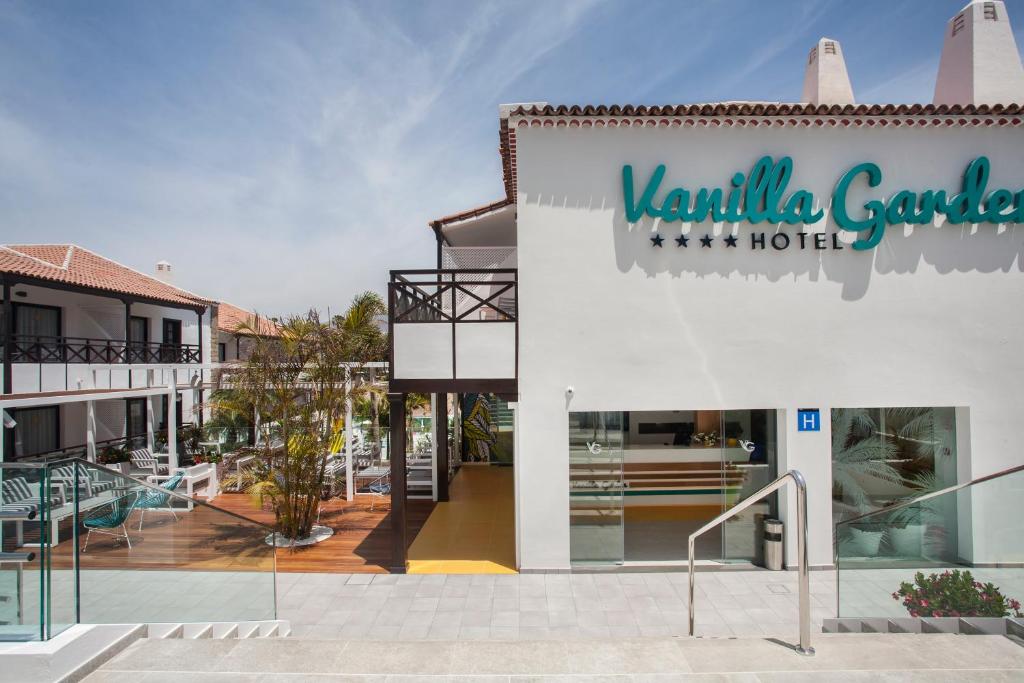 a view of the entrance to a hotel at Vanilla Garden Boutique Hotel - Adults Only in Playa de las Americas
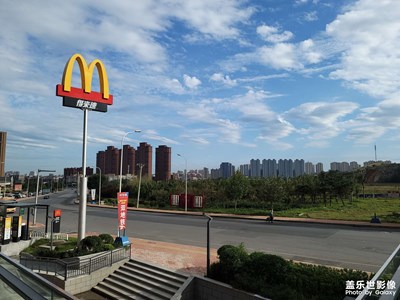 這分辨率真會吊打其他手機像素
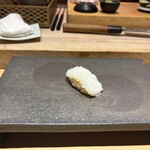 鮨 無垢/鮨 白銀 -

-=-=-=-=-

Aim of the exercise:
Every line above must be printed again exactly, pictures excluded.

Result of this exercise:
 a view of the entrance to a hotel at Vanilla Garden Boutique Hotel - Adults Only in Playa de las Americas
 這分辨率真會吊打其他手機像素
 鮨 無垢/鮨 白銀 -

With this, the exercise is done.